> **WHAT YOU SHOULD DO**
Look through the material and copy each line holding "Fans".

> **RECORD SET**
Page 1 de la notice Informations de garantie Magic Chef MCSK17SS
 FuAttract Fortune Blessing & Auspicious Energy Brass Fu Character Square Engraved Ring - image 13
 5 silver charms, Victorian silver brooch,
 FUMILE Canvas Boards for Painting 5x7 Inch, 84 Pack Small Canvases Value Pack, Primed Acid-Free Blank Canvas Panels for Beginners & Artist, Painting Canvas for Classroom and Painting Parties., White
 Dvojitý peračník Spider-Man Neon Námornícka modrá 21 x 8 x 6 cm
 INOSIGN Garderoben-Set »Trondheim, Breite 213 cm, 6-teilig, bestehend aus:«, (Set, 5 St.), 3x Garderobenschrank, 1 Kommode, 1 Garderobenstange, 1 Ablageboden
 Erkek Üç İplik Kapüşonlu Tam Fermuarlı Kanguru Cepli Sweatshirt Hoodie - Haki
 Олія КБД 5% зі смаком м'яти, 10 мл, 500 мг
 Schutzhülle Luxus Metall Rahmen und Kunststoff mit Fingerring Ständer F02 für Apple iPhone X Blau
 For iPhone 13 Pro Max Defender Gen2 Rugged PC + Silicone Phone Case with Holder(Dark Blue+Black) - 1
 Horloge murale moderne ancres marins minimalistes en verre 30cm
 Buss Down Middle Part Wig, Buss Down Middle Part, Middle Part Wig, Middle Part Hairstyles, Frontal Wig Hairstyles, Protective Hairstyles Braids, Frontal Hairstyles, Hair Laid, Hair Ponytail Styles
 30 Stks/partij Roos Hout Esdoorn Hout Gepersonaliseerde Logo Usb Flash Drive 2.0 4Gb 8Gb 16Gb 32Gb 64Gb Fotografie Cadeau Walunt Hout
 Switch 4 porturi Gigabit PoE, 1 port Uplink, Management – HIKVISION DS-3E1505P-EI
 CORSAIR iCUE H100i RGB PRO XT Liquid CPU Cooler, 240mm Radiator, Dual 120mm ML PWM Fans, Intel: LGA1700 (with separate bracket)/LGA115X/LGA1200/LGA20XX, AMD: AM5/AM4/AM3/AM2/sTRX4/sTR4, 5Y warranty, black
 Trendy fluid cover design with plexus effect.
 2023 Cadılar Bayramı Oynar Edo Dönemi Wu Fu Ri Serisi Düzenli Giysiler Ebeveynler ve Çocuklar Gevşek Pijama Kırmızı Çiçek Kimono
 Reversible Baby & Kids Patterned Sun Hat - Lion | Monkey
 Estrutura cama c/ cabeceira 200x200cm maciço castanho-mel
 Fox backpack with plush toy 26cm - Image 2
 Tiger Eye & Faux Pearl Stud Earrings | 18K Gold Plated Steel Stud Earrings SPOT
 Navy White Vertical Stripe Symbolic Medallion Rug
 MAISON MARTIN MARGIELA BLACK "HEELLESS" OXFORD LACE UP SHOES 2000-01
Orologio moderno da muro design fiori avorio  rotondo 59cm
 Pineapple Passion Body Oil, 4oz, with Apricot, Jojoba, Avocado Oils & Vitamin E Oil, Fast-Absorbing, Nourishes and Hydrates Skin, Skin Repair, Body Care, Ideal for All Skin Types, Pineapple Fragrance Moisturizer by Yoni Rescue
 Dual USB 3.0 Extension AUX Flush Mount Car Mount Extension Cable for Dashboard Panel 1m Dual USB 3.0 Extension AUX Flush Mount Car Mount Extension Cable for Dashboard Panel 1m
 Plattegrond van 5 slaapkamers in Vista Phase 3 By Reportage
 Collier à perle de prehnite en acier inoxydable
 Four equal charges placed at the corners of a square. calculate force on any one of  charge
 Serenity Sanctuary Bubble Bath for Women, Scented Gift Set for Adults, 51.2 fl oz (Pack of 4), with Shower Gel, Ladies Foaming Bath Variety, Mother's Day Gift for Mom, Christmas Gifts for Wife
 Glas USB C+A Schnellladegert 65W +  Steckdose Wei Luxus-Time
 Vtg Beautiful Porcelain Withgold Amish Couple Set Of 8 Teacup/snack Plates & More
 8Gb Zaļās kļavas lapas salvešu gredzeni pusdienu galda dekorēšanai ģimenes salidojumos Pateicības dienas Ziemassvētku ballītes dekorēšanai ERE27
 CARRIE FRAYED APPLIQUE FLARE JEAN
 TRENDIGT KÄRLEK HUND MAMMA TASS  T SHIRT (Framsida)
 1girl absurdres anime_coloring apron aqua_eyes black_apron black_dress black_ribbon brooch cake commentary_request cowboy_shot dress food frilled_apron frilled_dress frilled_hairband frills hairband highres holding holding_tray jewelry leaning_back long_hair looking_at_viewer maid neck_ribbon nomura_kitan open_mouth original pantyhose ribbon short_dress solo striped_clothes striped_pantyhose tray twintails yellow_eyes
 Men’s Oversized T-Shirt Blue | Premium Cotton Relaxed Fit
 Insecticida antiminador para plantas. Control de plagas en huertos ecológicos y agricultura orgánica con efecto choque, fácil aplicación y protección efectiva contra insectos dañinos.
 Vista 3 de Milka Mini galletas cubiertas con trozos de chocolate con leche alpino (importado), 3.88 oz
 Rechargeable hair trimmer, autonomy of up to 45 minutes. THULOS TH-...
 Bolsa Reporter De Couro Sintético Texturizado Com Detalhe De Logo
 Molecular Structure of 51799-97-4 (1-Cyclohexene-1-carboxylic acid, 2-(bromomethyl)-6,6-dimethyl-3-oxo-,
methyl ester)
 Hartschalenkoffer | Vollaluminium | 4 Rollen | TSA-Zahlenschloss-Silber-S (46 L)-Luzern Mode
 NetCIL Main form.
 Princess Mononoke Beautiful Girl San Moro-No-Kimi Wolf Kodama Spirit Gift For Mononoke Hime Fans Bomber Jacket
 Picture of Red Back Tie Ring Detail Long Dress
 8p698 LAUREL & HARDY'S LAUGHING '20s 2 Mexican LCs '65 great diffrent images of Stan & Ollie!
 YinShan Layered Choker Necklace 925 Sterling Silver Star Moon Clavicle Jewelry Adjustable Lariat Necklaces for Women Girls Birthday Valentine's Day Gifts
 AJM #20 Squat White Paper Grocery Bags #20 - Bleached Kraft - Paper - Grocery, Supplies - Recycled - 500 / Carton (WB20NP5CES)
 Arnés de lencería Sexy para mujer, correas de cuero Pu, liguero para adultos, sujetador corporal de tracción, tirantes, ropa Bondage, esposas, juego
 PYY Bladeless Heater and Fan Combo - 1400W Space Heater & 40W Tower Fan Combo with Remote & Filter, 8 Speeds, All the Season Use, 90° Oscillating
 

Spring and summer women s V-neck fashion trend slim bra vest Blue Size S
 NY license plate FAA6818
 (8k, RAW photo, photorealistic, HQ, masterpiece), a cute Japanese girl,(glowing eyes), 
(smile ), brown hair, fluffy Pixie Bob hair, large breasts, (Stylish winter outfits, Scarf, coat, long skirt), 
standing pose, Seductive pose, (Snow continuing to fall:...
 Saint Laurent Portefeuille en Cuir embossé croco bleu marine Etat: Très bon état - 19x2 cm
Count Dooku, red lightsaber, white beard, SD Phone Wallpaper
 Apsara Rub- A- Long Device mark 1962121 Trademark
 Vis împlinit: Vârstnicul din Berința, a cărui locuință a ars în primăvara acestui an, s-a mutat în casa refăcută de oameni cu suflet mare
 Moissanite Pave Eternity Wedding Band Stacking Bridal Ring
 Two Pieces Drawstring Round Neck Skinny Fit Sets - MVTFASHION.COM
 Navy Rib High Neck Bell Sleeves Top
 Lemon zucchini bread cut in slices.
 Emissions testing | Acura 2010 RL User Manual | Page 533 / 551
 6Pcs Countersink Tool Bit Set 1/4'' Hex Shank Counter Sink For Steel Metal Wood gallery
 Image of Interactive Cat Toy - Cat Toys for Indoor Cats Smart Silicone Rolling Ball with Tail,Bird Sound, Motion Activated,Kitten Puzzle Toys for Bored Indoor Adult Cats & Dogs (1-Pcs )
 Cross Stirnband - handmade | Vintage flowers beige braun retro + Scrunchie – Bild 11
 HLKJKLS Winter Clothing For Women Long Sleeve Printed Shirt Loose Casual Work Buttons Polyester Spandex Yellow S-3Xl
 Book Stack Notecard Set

> **OUTPUT OF THE TASK**
 CORSAIR iCUE H100i RGB PRO XT Liquid CPU Cooler, 240mm Radiator, Dual 120mm ML PWM Fans, Intel: LGA1700 (with separate bracket)/LGA115X/LGA1200/LGA20XX, AMD: AM5/AM4/AM3/AM2/sTRX4/sTR4, 5Y warranty, black
 Princess Mononoke Beautiful Girl San Moro-No-Kimi Wolf Kodama Spirit Gift For Mononoke Hime Fans Bomber Jacket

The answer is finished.